The name gives it away. It rains and it is a forest. Forests are hardly interesting, wet ones are even less attractive.
I am at the end of a lengthy trip to Central America, which has lots of rain forests. During a long, wet early-morning walk the average bag is some leaf-cutter ants and the apparent distant call of an unspecified bird. I say “apparent” because guides now have apps containing all the local bird calls. That exciting – by rain forest standards – exchange of calls between birds is in fact usually an exchange between the mobile phones of guides. You never actually SEE anything.

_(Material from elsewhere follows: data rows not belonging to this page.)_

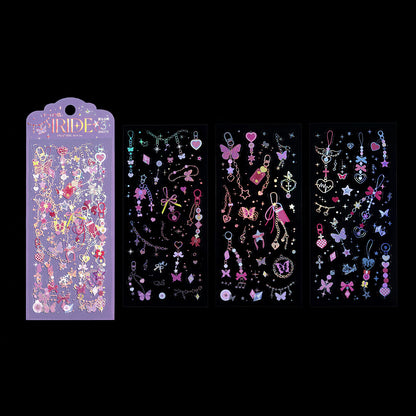 BGM Clear Stickers - Iride Vol. 4 - Sparkling Charm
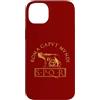 SPQR Roma Caput Mundi Italian Pride Appa Custodia per iPhone 14 Plus SPQR Antica Roma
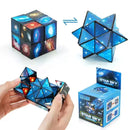 BrainFlex 3D™  Brinquedo Educativo Antiestresse para Coordenação Motora, Foco e Desenvolvimento Infantil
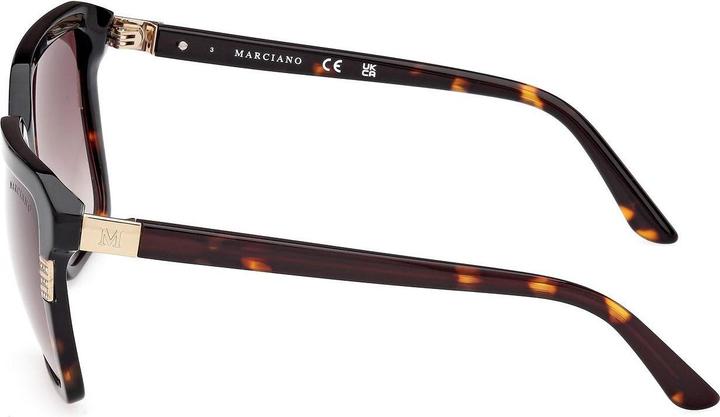 Immagine prodotto Guess by Marciano Donna Acetato Nero Fumé Quadrati Normale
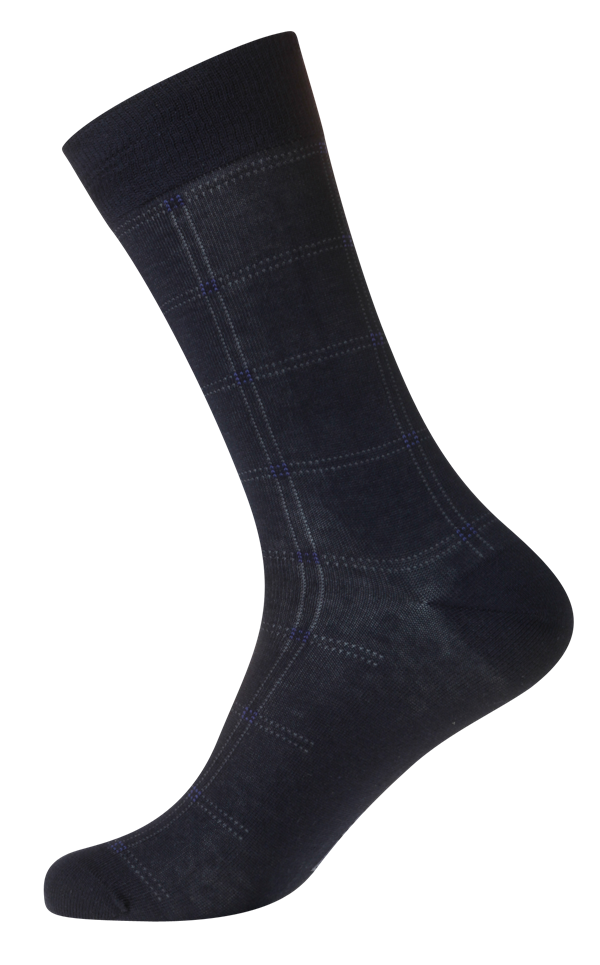 Men's Fine Business [Seamless Toe] SOX&LOX 100% comfortable best socks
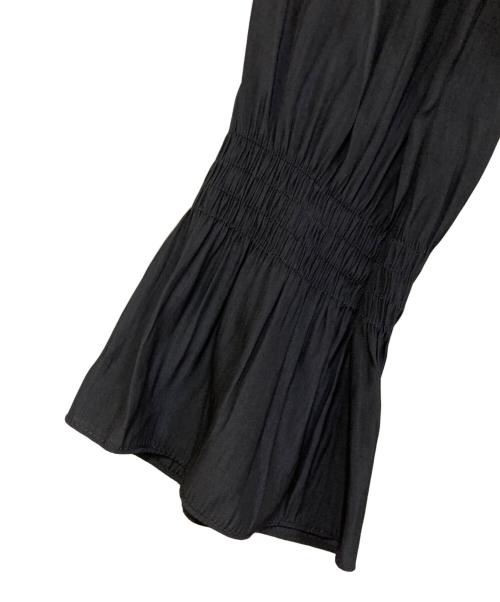 allureville（アルアバイル）allureville (アルアバイル) サテンワンピース ネイビー サイズ:SIZE 2の古着・服飾アイテム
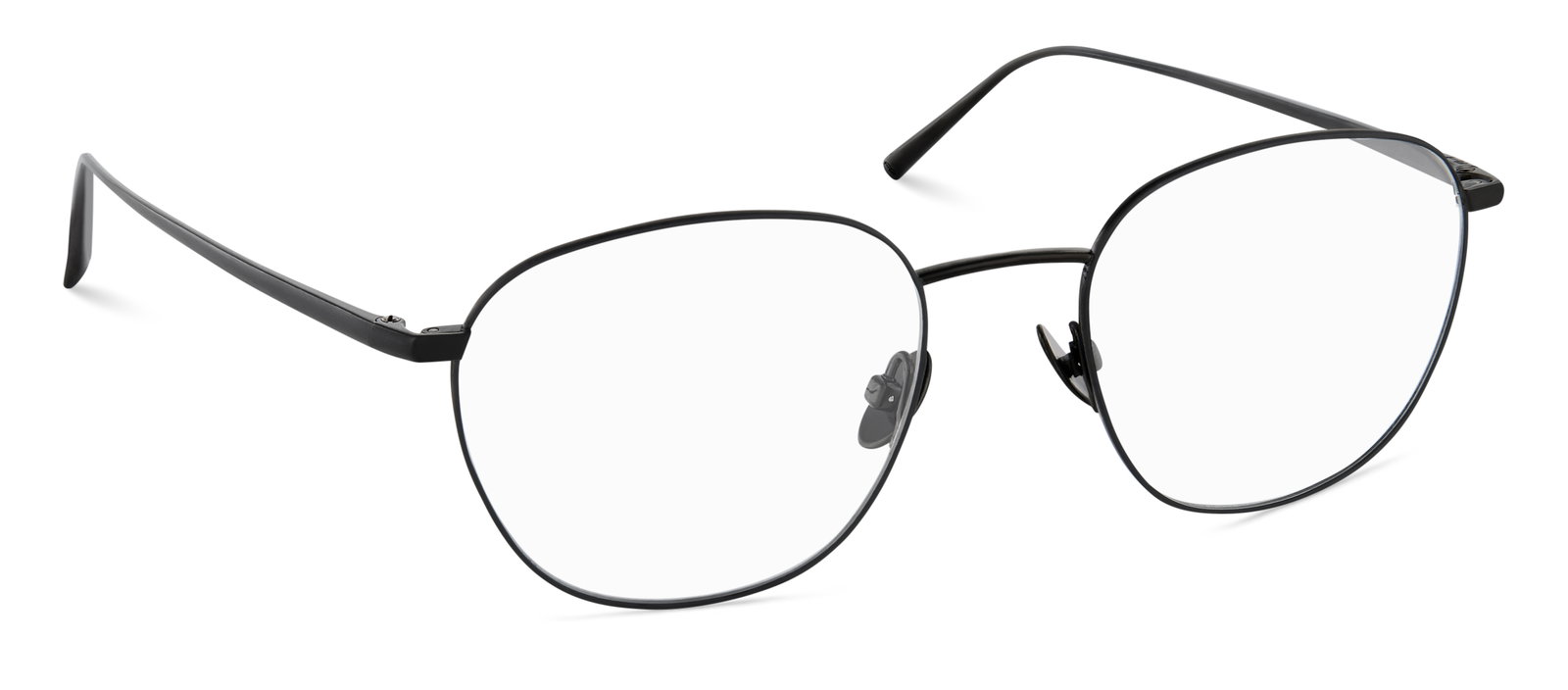 Auf diesem Bild sehen Sie die Korrektionsbrille 2016 von Flair in der Farbe Schwarz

Well we did see a black-bellied wren – sort of. Wrens are the most secretive of birds and when a wren’s defining feature is its dark front you do not actually see much.
Try explaining to El Guido the concept of the dawn chorus – hundreds of birds singing every morning in any British garden and you are met with a vacant stare and a quick mobile phone blast of some local endemic, but invisible, speciality.
Then there is the canopy walk, the sole attraction of which is that you are above, and therefore OUT OF, the rain forest.
Cloud forests are arguably even worse. True, it is not constantly raining; rather it is drizzling. Unsurprisingly cloud forests are in cloud, so visibility is almost nil. Given that there is nothing to see anyway, that is not a disadvantage. The problem is that cloud forests are high up, so they are cold as well as wet and uninteresting.
I am sure that rain and cloud forests are important and we need them. Just like dentists. Visits to the dentist are cheaper, more interesting and generally more enjoyable.
Must go- time for that exciting variation on a forest walk: the Night Walk – who knows – might see a pair of owl’s eyes……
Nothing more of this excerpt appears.